Thursday, December 4, 2008


An elderly Cleveland lady died tragically earlier this week in a house fire. Today, the Cleveland Plain Dealer reports that the EMS truck from the closest fire station was unavailable because it had been dispatched (via a 911 call) to the comprehensive, internationally known, super-famous medical institution downtown for a very important stat situation. Apparently they had an extraordinarily obese patient who needed to be moved from a clinic office across the street to the ER. Orderlies were not available. The elderly woman almost escaped the fire, but was halted only a few steps from the front door by a wall of flames. Spokesmen from the fire department were unable to determine whether the delay in EMS response played any role in her unfortunate demise.

Well, at least it's reassuring to know that northeast Ohio's largest employer can always resort to calling 911 when they get in a pinch. I mean, what if the floors in the front foyer of the hospital start to look unacceptably grungy as we move into the slush and snow season and janitors can't get it mopped up fast enough? Just call 911! And if the OR turnover times start to drag out, compromising profitability? Call 911! Get the local firemen to transport the patients to the PACU ASAP!


rlbates said...

You would think they could do like we do in the OR and page for "help needed to move a patient" when an extra hand is needed.

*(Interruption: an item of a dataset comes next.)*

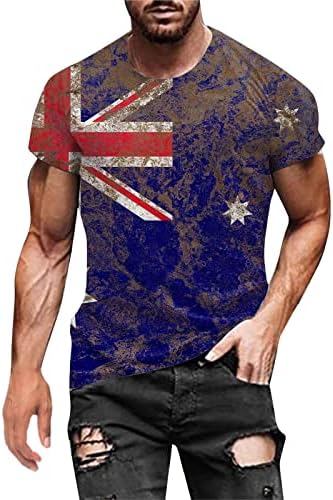 2023 Yeni Erkek Moda İlkbahar Yaz Rahat Kısa Kollu O Boyun Baskılı T Shirt Üst Bluz Erkek Leopar T Shirt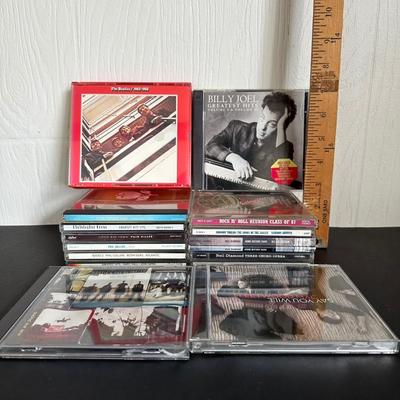 LOT 44G: Collection Of Rock CDs - The Beatles, Hootie & The Blowfish, Billy Joel & More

Resident Anesthesiologist Guy (RAG) said...

I take it you don't much care for TCC? I interviewed there and liked it well enough, but was worried about my family's safety. I only saw the inner city of Cleveland and was rather upset by what I witnessed and experienced. But yeah, that's ridiculous.

Anonymous said...

Ambulances (and firetrucks) and how they respond is one of my favorite peeves.

Perhaps some City/Safety Planner will come along and enlighten me.

They all race off to calls for help in vehicles on the public tab getting about 8 mpg. Even with falling fuel prices that's expensive.

So you get a scene and 5 emergency vehicles. The late arrivers hang out a bit then turn their horns back on and roar off.

There has to be a better way to schedule/handle emergencies.

Anonymous said...

I've referred patients to the Cleveland Clinic and they usually come back and tell me that they never want to go back. I think that "the Mecca" has basically lived upon their laurels. I've heard rumors that they won't accept insurance from some of the Medicaid HMO's here in Ohio.